Entonces, después de prosternarse por segunda vez ante el trono, y de haber llamado sobre el sultán todas las bendiciones y los favores del Altísimo, la madre de Aladino se puso a contar cuanto le había sucedido a su hijo, desde el día en que oyó a los pregoneros públicos proclamar la orden de que los habitantes se ocultaran en sus casas para dejar paso al cortejo de Sett Badrú'I-Budur. Y no dejó de decirle el estado en que se hallaba Aladino, que hubo de amenazar con matarse, si no obtenía a la princesa en matrimonio.

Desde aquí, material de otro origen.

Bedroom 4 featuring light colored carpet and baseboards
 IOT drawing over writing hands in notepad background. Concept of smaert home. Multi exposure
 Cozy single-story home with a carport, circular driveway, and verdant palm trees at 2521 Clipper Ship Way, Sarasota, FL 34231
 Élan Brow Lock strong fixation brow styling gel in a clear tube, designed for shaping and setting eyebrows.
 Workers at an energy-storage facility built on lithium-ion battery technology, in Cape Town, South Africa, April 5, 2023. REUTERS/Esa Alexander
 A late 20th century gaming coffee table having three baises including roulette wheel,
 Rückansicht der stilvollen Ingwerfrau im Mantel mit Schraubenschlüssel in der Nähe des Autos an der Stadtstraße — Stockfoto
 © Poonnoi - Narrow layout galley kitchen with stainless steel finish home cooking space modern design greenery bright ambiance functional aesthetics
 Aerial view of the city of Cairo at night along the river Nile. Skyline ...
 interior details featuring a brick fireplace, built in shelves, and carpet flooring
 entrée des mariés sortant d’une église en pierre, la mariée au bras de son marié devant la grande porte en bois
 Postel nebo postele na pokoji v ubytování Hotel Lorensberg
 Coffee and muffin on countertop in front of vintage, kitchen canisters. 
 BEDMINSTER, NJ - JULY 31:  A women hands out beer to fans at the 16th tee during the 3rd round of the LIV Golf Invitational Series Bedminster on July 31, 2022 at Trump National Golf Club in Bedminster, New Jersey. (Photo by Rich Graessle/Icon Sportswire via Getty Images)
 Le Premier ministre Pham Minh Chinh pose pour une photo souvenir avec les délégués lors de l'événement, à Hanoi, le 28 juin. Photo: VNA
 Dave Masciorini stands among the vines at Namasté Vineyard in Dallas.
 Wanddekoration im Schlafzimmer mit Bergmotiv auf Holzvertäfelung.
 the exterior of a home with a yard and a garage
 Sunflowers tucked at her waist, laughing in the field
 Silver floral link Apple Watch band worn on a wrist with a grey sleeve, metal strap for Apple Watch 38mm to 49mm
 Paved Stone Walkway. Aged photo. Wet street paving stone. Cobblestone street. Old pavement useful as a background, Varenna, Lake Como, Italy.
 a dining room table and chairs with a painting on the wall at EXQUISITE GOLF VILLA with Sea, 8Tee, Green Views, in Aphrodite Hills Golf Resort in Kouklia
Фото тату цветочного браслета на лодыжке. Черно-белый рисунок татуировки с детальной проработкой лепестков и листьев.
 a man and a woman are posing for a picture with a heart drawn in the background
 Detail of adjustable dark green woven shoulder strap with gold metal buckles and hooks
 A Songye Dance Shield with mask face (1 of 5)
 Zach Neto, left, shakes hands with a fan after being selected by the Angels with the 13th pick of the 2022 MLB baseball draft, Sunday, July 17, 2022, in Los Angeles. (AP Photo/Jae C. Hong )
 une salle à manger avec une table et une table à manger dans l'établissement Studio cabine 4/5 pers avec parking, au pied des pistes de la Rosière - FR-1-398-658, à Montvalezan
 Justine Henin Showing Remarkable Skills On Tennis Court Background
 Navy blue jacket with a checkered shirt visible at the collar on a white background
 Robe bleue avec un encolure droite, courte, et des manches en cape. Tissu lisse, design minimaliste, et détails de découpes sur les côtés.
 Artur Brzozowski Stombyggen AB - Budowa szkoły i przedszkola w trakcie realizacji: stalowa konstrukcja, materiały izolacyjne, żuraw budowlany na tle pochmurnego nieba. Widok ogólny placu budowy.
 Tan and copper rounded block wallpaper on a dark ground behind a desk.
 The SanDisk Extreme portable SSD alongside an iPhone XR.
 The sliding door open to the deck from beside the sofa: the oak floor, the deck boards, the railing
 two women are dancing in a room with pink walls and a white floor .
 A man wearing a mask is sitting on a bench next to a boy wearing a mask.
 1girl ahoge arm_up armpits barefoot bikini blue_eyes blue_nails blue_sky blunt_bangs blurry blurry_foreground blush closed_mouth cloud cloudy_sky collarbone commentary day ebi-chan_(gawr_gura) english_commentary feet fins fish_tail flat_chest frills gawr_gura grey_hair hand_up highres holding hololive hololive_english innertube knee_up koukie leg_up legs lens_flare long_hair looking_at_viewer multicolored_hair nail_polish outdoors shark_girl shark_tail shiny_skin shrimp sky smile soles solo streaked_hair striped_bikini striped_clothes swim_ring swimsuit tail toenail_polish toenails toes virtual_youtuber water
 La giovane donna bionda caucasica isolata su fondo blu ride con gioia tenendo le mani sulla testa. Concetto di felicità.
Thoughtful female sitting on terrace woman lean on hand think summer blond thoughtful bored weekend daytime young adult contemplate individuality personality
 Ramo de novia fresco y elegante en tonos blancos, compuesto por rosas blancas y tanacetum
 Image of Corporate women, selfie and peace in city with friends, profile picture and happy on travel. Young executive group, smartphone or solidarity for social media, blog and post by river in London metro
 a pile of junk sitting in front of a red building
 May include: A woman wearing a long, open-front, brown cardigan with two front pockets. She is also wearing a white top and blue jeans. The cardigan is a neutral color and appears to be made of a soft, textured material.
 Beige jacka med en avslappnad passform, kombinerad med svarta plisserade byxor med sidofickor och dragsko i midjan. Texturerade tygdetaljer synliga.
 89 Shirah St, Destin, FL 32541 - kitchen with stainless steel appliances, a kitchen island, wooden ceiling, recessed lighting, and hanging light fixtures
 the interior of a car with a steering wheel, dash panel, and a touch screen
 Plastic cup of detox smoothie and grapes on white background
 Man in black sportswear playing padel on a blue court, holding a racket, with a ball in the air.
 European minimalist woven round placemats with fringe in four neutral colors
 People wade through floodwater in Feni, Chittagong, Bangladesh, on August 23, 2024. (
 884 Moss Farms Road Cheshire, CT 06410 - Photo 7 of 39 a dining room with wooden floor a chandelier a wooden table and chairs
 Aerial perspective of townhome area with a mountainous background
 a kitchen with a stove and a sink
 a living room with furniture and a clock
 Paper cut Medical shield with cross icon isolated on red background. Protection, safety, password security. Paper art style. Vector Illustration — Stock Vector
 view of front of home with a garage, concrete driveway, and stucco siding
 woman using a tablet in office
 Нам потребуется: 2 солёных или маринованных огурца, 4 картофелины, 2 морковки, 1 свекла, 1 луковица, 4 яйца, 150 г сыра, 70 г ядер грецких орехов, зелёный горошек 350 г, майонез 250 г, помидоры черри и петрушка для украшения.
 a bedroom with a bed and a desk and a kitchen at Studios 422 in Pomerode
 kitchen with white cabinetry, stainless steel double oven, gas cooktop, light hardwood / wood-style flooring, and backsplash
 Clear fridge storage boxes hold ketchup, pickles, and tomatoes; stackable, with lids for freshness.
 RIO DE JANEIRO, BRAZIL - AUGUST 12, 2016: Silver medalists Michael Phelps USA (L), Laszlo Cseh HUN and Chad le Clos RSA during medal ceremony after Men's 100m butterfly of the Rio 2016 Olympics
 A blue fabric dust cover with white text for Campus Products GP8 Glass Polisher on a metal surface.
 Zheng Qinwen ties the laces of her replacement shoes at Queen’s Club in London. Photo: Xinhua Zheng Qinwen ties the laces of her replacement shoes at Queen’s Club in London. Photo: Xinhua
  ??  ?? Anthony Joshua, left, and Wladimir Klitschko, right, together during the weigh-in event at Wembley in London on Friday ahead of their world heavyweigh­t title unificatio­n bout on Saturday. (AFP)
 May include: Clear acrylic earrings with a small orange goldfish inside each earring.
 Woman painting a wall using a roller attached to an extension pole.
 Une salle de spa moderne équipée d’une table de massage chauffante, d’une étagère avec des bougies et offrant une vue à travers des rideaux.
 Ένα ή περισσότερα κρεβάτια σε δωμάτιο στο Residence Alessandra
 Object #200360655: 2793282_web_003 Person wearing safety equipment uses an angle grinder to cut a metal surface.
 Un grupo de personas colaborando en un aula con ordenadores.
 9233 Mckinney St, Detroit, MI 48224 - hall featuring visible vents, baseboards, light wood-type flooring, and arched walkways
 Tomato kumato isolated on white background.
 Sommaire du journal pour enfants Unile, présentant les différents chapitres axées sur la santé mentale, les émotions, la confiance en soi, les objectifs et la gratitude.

Y narró la historia con todos sus detalles, desde el comienzo hasta el fin. Pero no hay utilidad en repetirla. Luego, cuando acabó de hablar, bajó la cabeza, presa de gran confusión, añadiendo: «¡Oh rey del tiempo! ¡Y ya no me queda más que suplicar a Tu Altísimo que no sea riguroso con la locura de mi hijo y me excuse si la ternura de madre me ha impulsado a venir a transmitirle una petición tan singular!»  
Cuando el sultán, que había escuchado estas palabras con mucha atención, pues era benévolo, vio que había callado la madre de Aladino, lejos de mostrarse indignado de su demanda, se echó a reír con bondad, y le dijo: «¡Oh pobre!, ¿y qué traes en ese pañuelo que sostienes por las cuatro puntas? .. »  
En este momento de su narración, Scheherazada vio aparecer la mañana y se calló discretamente.